Federiko Benković (1667 – 8 July 1753) was a prominent late Baroque painter. He is best known as Federico Bencovich or Federico Bencovic, but also as Federigo or Federighetto or Dalmatino.
Born from a Croatian family, he is also known as 'Federico or Federigo Bencovich'. His birthplace is unknown, either in Omiš, Šibenik, the island Brač, Ragusa (Dubrovnik), or possibly Venice itself.
His initial training was likely in Venice, but later Benković apprenticed with Carlo Cignani in Bologna, assisting him in 1706 in completing the frescoes of the Assumption of the Virgin on the dome of the Forlì cathedral. His first independent work, Juno on the clouds, was painted in 1705. He also appears to have worked in the studio of Giuseppe Maria Crespi.

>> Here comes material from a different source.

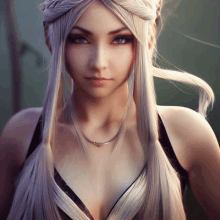 a woman with long white hair is wearing a black bra and necklace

In 1710 Benković painted the altarpiece of St. Andrew on the cross surrounded by St. Bartholomew, St. Carolus Borromei, St. Lucia, and St. Apollonia for the church of Madonna del Piombo in Bologna, later transferred to the parish church of Senonches near Chartres in France. By 1715, he came to the service of Prince Lothar Franz Schönborn and was to complete four large canvas masterpieces for the gallery in the Schloss Weißenstein in the town of Pommersfelden: Apollo and Marcia, Hagar and Ishmael in the desert, Iphigenia’s sacrifice and Abraham’s sacrifice of Isaac.
The dramatic, often tortured, poses and lighting of his figures are placed within earthy tenebrist backgrounds, He uses the Piazzetta's and Sebastiano Ricci's unfinished and ragged brushstrokes, but superimposes a startling mystical imprint that is often foreign to the magisterial and olympian Venetian painting, and more akin to the Baroque painters from Northern Italy, Alessandro Magnasco and Francesco Cairo.
Abraham’s sacrifice of Isaac [1], is probably the painting that disappeared from the castle of Pommersfelden at the beginning of the 19th century. Until that time, the painting was attributed to Piazzetta.
After his death, Benković gradually fell into oblivion. His paintings used to be attributed to Piazzetta, Cignani, amongst others.